Many problems in machine learning that involve discrete structures or subset selection may be phrased in the language of submodular set functions. The property of submodularity, also referred to as a 'discrete analog of convexity', expresses the notion of diminishing marginal returns, and captures combinatorial versions of rank and dependence. Submodular functions occur in a variety of areas including graph theory, information theory, combinatorial optimization, stochastic processes and game theory. In machine learning, they emerge in different forms as the potential functions of graphical models, as the utility functions in active learning and sensing, in models of diversity, in structured sparse estimation or network inference. The lectures will give an introduction to the theory of submodular functions, their applications in machine learning and related optimization problems. Part I of the lectures will introduce the concept of submodularity along with several examples, as well as associated polyhedra and relations to convexity. Part II will address the ideas underlying algorithms for minimizing and maximizing submodular functions. For example, those algorithms exploit ties to both convexity and concavity.
In the analysis of machine learning algorithms one often faces complicated functions of many independent random variables. In such situations concentration inequalities, that quantify the size of typical deviations of such functions from their expected value, offer an elegant and versatile tool. The theory of concentration inequalities has seen spectacular advance in the last few decades. These inequalities proved to be useful not only in machine learning but also in a wide variety of areas, including combinatorics, graph theory, analysis of algorithms. information theory, geometry, just to name a few. This course offers an introduction to the theory and a summary of some of the most useful results with a sample of illustrations of their use in learning theory.
Probabilistic Programming Concepts
A multitude of different probabilistic programming languages exists today, all extending a traditional programming language with primitives to support modeling of complex, structured probability distributions, advanced inference and learning methods. At the same time, they extend probabilistic graphical models with primitives of programming languages to increase the expressive power of graphical models. I shall provide an overview of the underlying concepts and semantics of these languages as well as sketch their current inference and learning mechanisms. I shall also outline some emerging applications of these languages. During the talk I shall focus on probabilistic extensions of logic programming languages such as Prolog and Datalog, which have been developed since more than 20 years. One advantage of these languages is that they naturally fit both the statistical relational learning / artificial intelligence perspective as they define probability distributions over possible worlds as well as the probabilistic programming language perspective. This talk will be largely based on joint tutorials with Angelika Kimmig and the forthcoming survey paper : Luc De Raedt, Angelika Kimmig, Probabilistic (Logic) Programming Concepts, Machine Learning Journal.

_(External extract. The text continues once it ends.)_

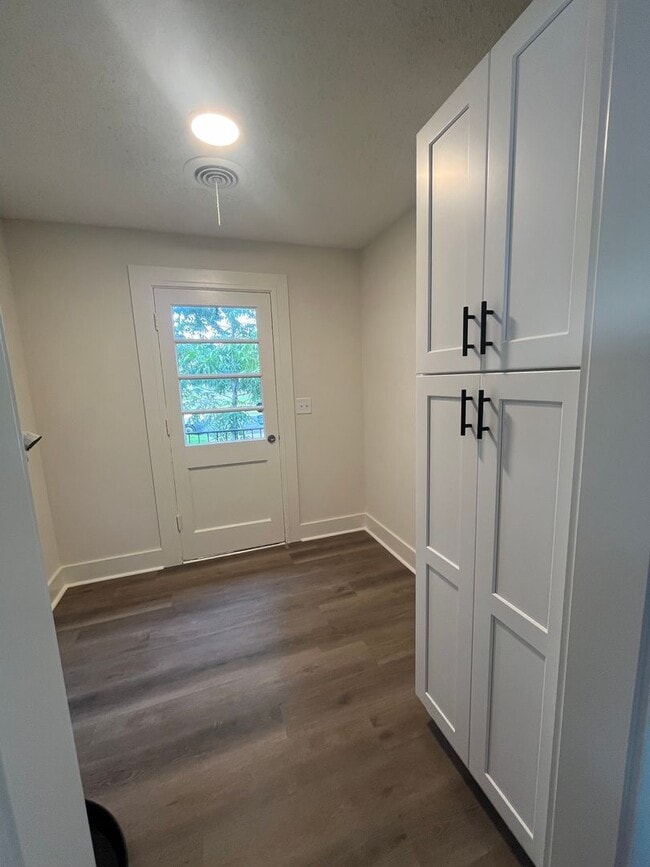 Building Photo - Fully Renovated 3BR/1.5BA – Prime Location + Lawn Care Included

Statistical and Computational Aspects of High-Dimensional Learning
In these lecture, we will study the question of optimality in high-dimensional learning problems. A tentative list of topics covered includes: (i) Minimax optimality in high-dimensional learning; (ii) Convex relaxations and semi-definite programming; (iii) The planted clique problem and average case complexity; (iv) Computational lower bounds for high-dimensional learning.
MIT / Genoa
Machine learning systems have achieved remarkable results, but are still limited by the amount of human supervision needed to perform well. Learning data representation from unsupervised (or weakly supervised) data is widely acknowledged to be key to tackle this issue. Indeed, most supervised learning methods perform well as soon as data are represented by the ``right’’ features. Learning data representation is a young, rapidly evolving subfield of machine learning, in this introduction to the topic we provide a unifying perspective starting from classical signal processing tecniques to then cover more recent data driven approaches, including some discussion of hierarchical (deep) learning methods.

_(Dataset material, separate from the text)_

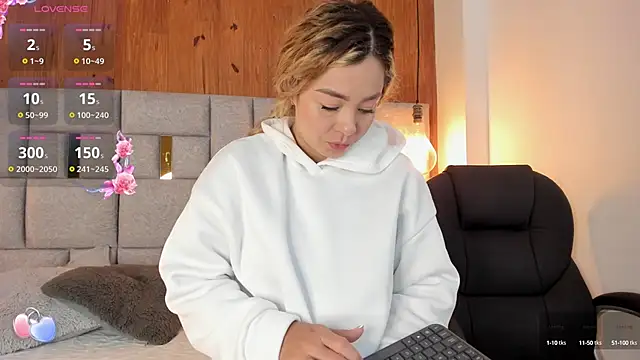 Saori newman online show from 09-19-25, 11:36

Fast, Cheap and Deep - Scaling Machine Learning to the Cloud
Large scale machine learning requires tools from systems research, statistical modeling, optimization, and a good degree of domain knowledge to succeed. In this tutorial I will explain how algorithms can be designed to scale to hundreds of machines, how to achieve fault tolerance, how to do so cheaply in the cloud, and how to solve problems (and obtain record-breaking scalability) arising in log-linear models, collaborative filtering, sampling inference, and deep learning.
Stochastic optimization is a class of powerful optimization techniques to solve optimization in large scale learning problems. The basic idea of using stochastic optimization in machine learning is to divide the original optimization problem into small sub-problems, and solve a randomly chosen sub-problem at each iteration so that it achieves the global optimization on the original problem. In machine learning settings, usually the samples or the coordinates are divided into small parts. An advantage of stochastic optimization is that, although the computational cost per iteration is small, the overall computational complexity could be improved compared with the usual batch optimization. In this course, I will present methodology, theory and recent advances of stochastic optimization. More specifically, the topics will include (1) basics of convex analysis, (2) online stochastic optimization, (3) "batch" stochastic optimization on fixed size data, and (4) parallel computing techniques for stochastic optimization.

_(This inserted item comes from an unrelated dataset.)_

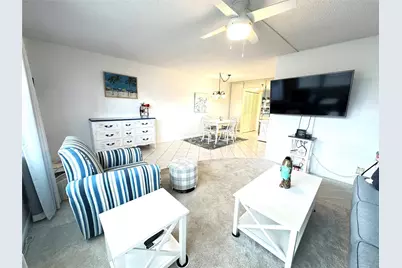 131 Oakridge J, Deerfield Beach, FL 33442 - Photo 3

Reinforcement learning (RL) is a learning paradigm concerned with learning a behavior that maximizes a numerical performance metric. Two main differences to other forms of learning are that in RL the learner receives only partial feedback about how well it does and that the learner's actions may have long term effects, representing significant hurdles in the design of efficient and effective learning algorithms. Nevertheless, RL is of great interest thanks to its wide applicability from artificial intelligence, through operations research to control engineering, and as such RL is currently the subject of intense research. The lecture will focus on foundational aspects of RL. We will cover Markovian decision processes, core learning and planning methods, as well as algorithms developed to address the exploration-exploitation dilemma, both for the simplest bandit setting and also the full RL setting. The emphasis will be on developing a solid understanding of core issues, while some time will also be devoted to discussing state-of-the-art methods, such as the recent approaches based on deep neural networks.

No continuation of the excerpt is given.